= Combat results table =

A Combat results table or a CRT is used in wargaming to determine the outcome of a clash between individual units within a larger battle.

| Die roll | 1-3 | 1-2 | 1-1 | 3-2 | 2-1 | 3-1 | 4-1 | 5-1 |
| - | AE | AE | AE | 3/- | 3/- | 2/- | 2/- | 1/- |
| 1 | AE | AE | 3/- | 3/- | 2/- | 2/- | 1/- | 1/- |
| 2 | AE | 3/- | 3/- | 2/- | 2/- | 1/- | 1/- | [-/1] |
| 3 | 3/- | 3/- | 2/- | 2/- | 1/- | 1/- | [-/1] | -/2* |
| 4 | 3/- | 2/- | 2/- | 1/- | 1/- | [-/1] | -/2* | -/3* |
| 5 | 2/- | 2/- | 1/- | 1/- | [-/1] | -/2* | -/3* | DE |
| 6 | 2/- | 1/- | 1/- | [-/1] | -/2* | -/3* | DE | DE |
| 7 | 1/- | 1/- | [-/1] | -/2* | -/3* | DE | DE | DE |
| 8 | 1/- | [-/1] | -/2 | -/3* | DE | DE | DE | DE |
| + | [-/1] | -/2 | -/3 | DE | DE | DE | DE | DE |

==Methods==
===Ratio method===
One significant method for combat resolution entails determining the ratio of the attacking unit's attack strength versus the defending unit's defense strength. This method is used in many games; one of the earliest and most prominent games to use this system was the game Panzerblitz, which was a genre-defining game when it was published in 1970.

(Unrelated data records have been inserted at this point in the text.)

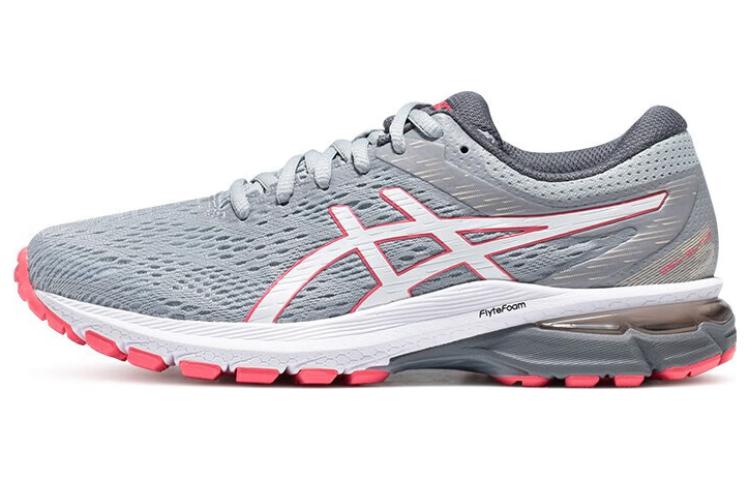 Asics Gel Glyde 3 'Grey Orange' Women's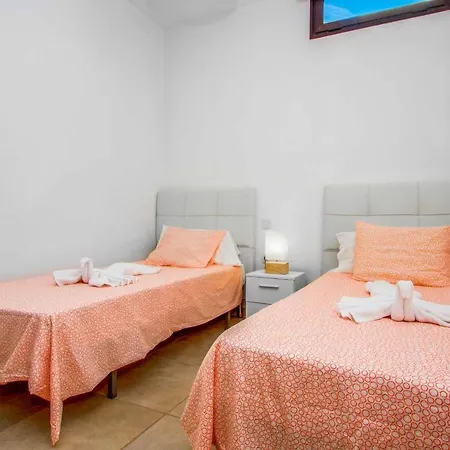 Manrique * Yaiza (Lanzarote)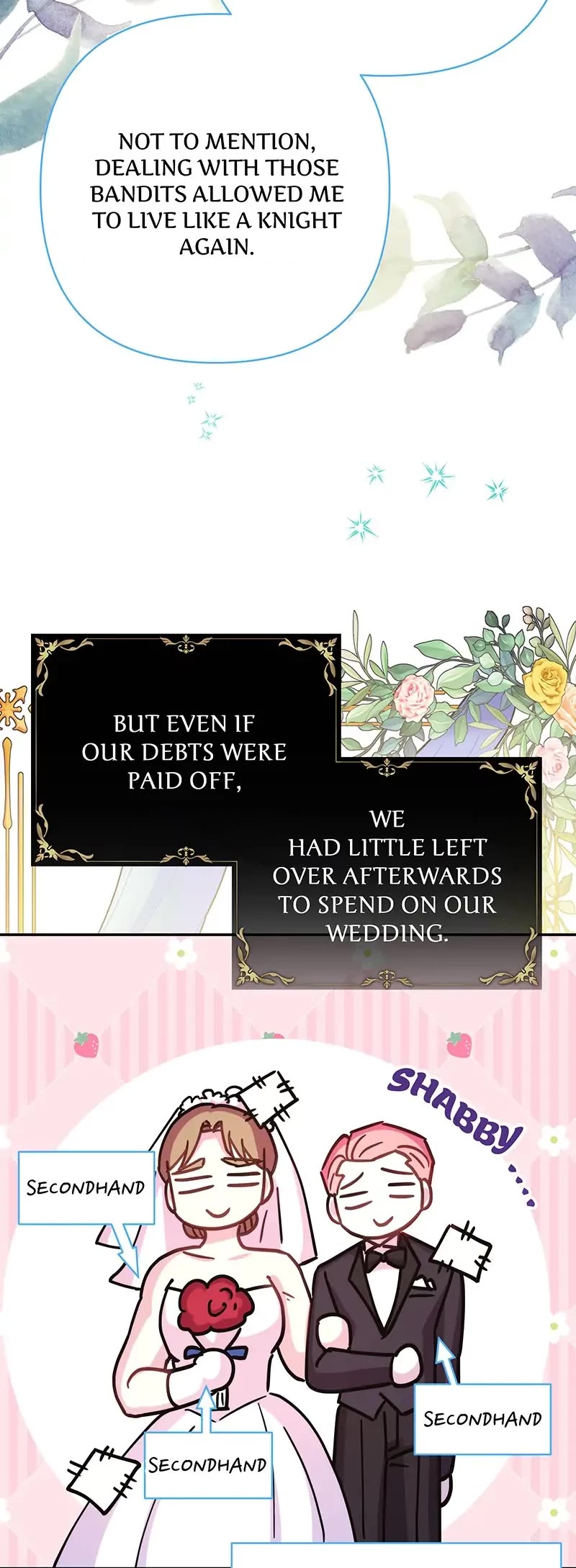 Another Typical Fantasy Romance chapter 47.9 page 29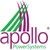 Apollo Power Systems logo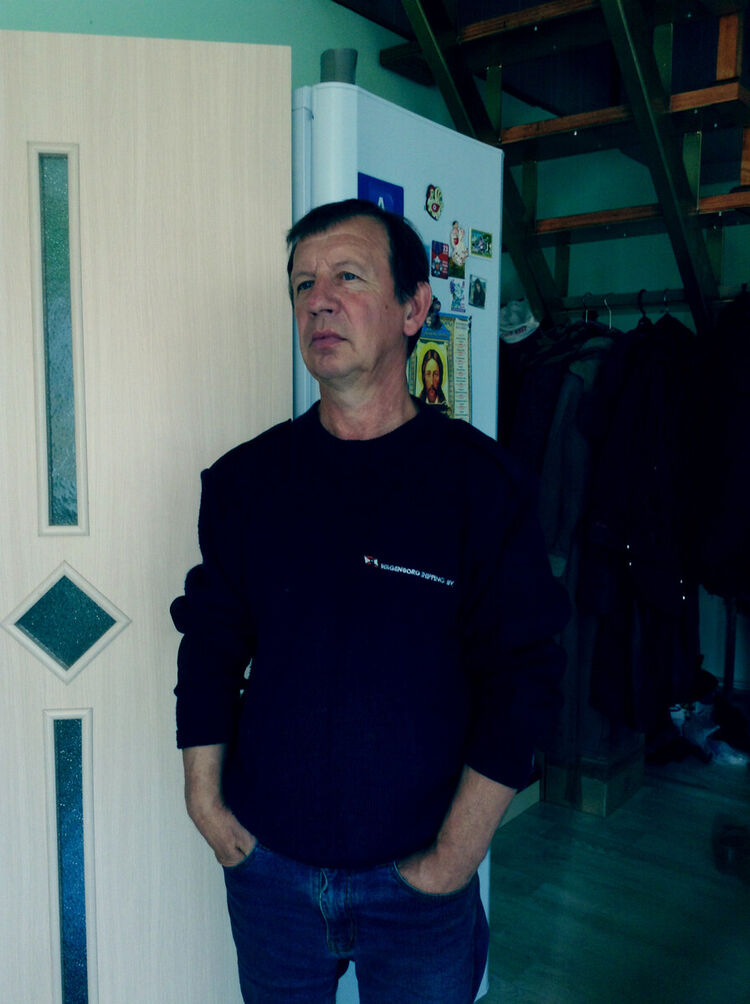 ���� 21394662 ������� Sergei, 48 ���, ���� ���������� � ������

The attacker and defender typically compare the relative strengths of the units involved in the clash and reduce these numbers to a ratio, which corresponds to a column on the table (for example 2:1 if the attacker is twice as strong as the defender). Less often, the columns may be based on the difference between the combatants' strengths, rather than the ratio (for example '3', if an attacker with strength 5 attacks a defender with strength 2). A die roll is then made using one or more dice and the resulting number is then cross-referenced on the table to find the results of the individual clash.

Game conditions can influence the strength numbers used to calculate the ratio in the form of doubling or halving each of them, in addition to column shifts that can occur due to terrain, weather or some other factor. Typical results include elimination, advances or retreats, surrender, casualty reduction, or partial losses.

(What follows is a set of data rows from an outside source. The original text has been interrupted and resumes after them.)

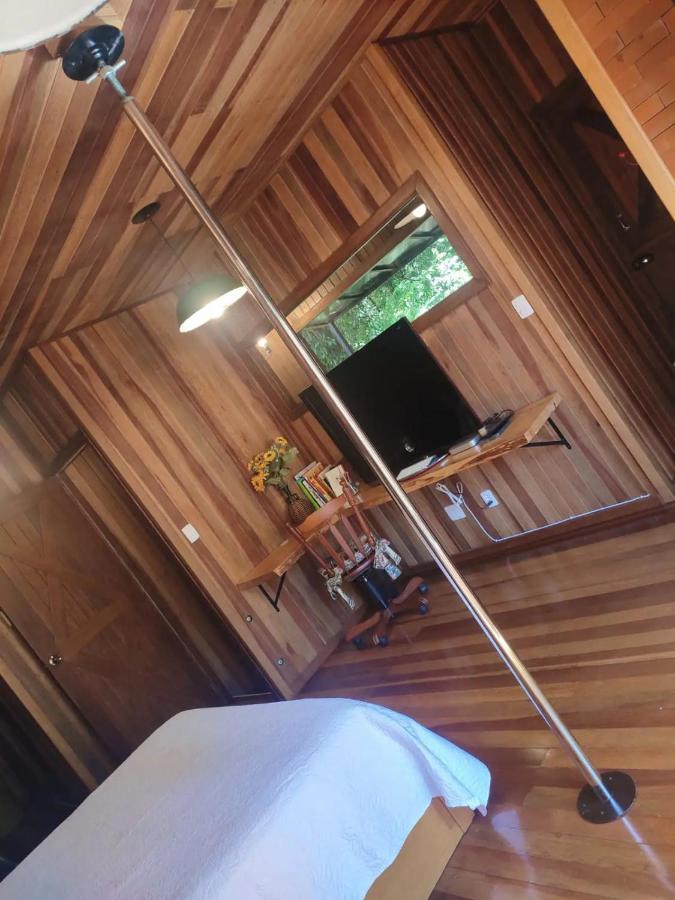 Chalet Chale Romantico - Gramado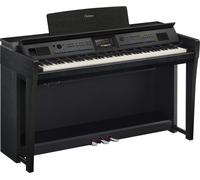 Yamaha CVP-905 Clavinova Noir Piano Numérique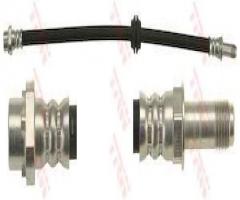 Trw phb384 przewód hamulcowy giętki bmw 3 e46 00-05 przód, bmw 3 (e46) touring 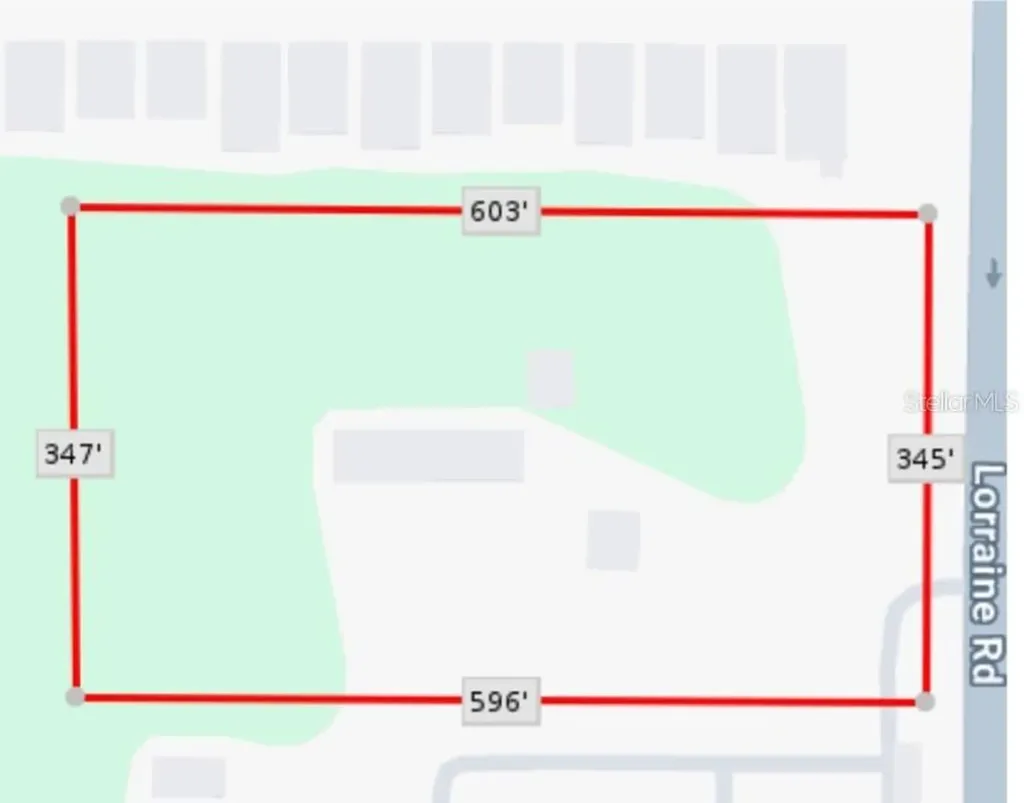 6012 Lorraine Road Bradenton FL 34211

For example, the simple Combat Results Table (CRT) included in this article could be interpreted as follows:
- AE: Attacking unit(s) completely Eliminated
- DE: Defending unit(s) completely Eliminated
- Intermediate results (reflected by a slash separating two values): the number to the left of the slash represents the losses suffered by the attacking force, the number to the right of the slash represents the losses the defenders might suffer (losses may result in the dissolution or destruction of sub-units and/or the overall distance a force may retreat). A dash represents no effect to the force indicated.

The brackets seen in the results running diagonally from the lower left hand corner of the chart to the upper right hand corner could indicate some additional outcome such as melee or continuing engagement that involves both sides. The asterisk shown in some results might represent a supplementary outcome that influences only the defender, such as a mandatory retreat. As wargames typically use a standard 6-sided die the addition of numbers below 1 and above 6 in the left hand column would indicate this game uses what are called die roll modifiers to reflect further special conditions, such as defender’s terrain, weather, leadership, training, morale, surprise, experience levels, or supply conditions, etc.